# T-intersection QMDP
In this part you will attempt to formulate the POMDP of T-intersection, and use QMDP to solve it.

In [1]:
# @markdown Run this cell to install dependencies.
%%capture

% cd /content
! git clone https://github.com/buzi-princeton/MDP.git

In [2]:
from MDP.mdp import MDP
import numpy as np
import os
from scipy.stats import beta
from scipy.stats import binom

# MDP formulation
First, create the MDP to capture the underlying MDP of the T-intersection POMDP, using the MDP class.

In [3]:
# Create the T-intersection MDP
class TIntersection(MDP):
  def __init__(self):
    self.gam = 0.9
    self.goal = ["G1", "G2"]
    self.actions = ["forward", "stop"]
    super().__init__(states=[self.goal], actions=self.actions)

    self.populate_data()

  def populate_data(self):
    # use self.add_route(s, a, s') from MDP to add route to MDP
    # use self.add_reward(s, a, r) from MDP to add reward
    ####
    ## YOUR CODE HERE
    raise NotImplementedError("Your TIntersection MDP is empty!")
    ####

Next, reuse your code for value iteration to solve the underlying MDP

In [4]:
# value iteration
def value_iteration(threshold = .001, mdp=None):
  if mdp is None:
    raise ValueError("MDP cannot be None")
  numa, nums, R, P = mdp.get_mdp()
  V_star = np.zeros(nums)
  pi_star = np.zeros(nums)
  ####
  ## YOUR CODE HERE
  raise NotImplementedError("Your value iteration is empty!")
  ####
  return V_star, pi_star

In [None]:
# Test
t_intersection = TIntersection()
V_star, pi_star = value_iteration(mdp=t_intersection)
print("V_star: ", V_star)
print("pi_star: ", pi_star)

## Bayesian Inference
Next, we will write the Bayesian update for our belief. Using beta-binomial model to update our belief, assuming that observation for when the other car is heading toward $G_1$ is 0, and 1 when it is heading for $G_2$, write down your prior and your posterior update, choose your prior hyperparameters and reason your choice.

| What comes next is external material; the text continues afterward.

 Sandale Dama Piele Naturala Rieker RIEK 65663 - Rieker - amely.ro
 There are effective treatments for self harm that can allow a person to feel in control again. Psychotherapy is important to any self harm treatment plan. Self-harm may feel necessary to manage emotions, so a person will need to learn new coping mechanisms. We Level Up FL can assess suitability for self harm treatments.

We provide you with a **beta_dist** class. Since we are using conjugate prior, the posterior and prior will share the same form, and thus updating the posterior is similar to changing the hyperparameters of the prior to reflect the update. Fill in the missing code for function **update_beta_params()** and **get_mean()**.

In [None]:
# supporting class for beta distribution

class beta_dist:
  def __init__(self, a = None, b = None):
    self.a = a
    self.b = b
      
  #Get the beta pdf
  def get_pdf(self):
    x = np.linspace(0, 1, 1000)
    fx = beta.pdf(x, self.a, self.b)
    dens_dict = {'x': x, 'fx': fx}
    return(dens_dict)
      
  #Update parameters:
  def update_beta_params(self, n, num_successes):
    ####
    ## YOUR CODE HERE
    raise NotImplementedError("Your posterior update is empty!")
    ####
  
  def get_mean(self):
    ####
    ## YOUR CODE HERE
    raise NotImplementedError("Your mean function is empty!")
    ####

In [None]:
# Test your beta_dist with a batch of observations
# create prior using the found hyperparams

# define a, b for prior
####
## YOUR CODE HERE
raise NotImplementedError("Missing a, b for prior")
a = None
b = None
####

goal_dist = beta_dist(a, b)
prior = goal_dist.get_pdf()

# likelihood observation
observations = [1, 1, 1, 1, 1, 1, 1, 1, 0, 0]

# update the distribution
goal_dist.update_beta_params(len(observations), sum(observations))
posterior = goal_dist.get_pdf()
print("The updated hyperparameters are:")
print(goal_dist.a, goal_dist.b)

# calculate the mean of posterior
post_mean = goal_dist.get_mean()

print("The mean value of our posterior is %s" %post_mean)

#Plot prior and posterior
plt.plot(prior['x'], prior['fx'])
plt.plot(posterior['x'], posterior['fx'])
plt.axvline(x = post_mean, color = "green")
plt.legend(['Prior Distribution', 'Posterior Distribution', 'Posterior mean'], loc='upper left')

plt.show()

Report your posterior mean shift for the following observations
* A single **0**
* A series of 10 **0**
* A series of 10 **1**
* 5 **1** and 5 **0**

In [None]:
####
## YOUR CODE HERE
raise NotImplementedError("Report the posterior mean for 4 cases")

####

## QMDP
Let's now write the QMDP function to generalize our value calculated before to belief space.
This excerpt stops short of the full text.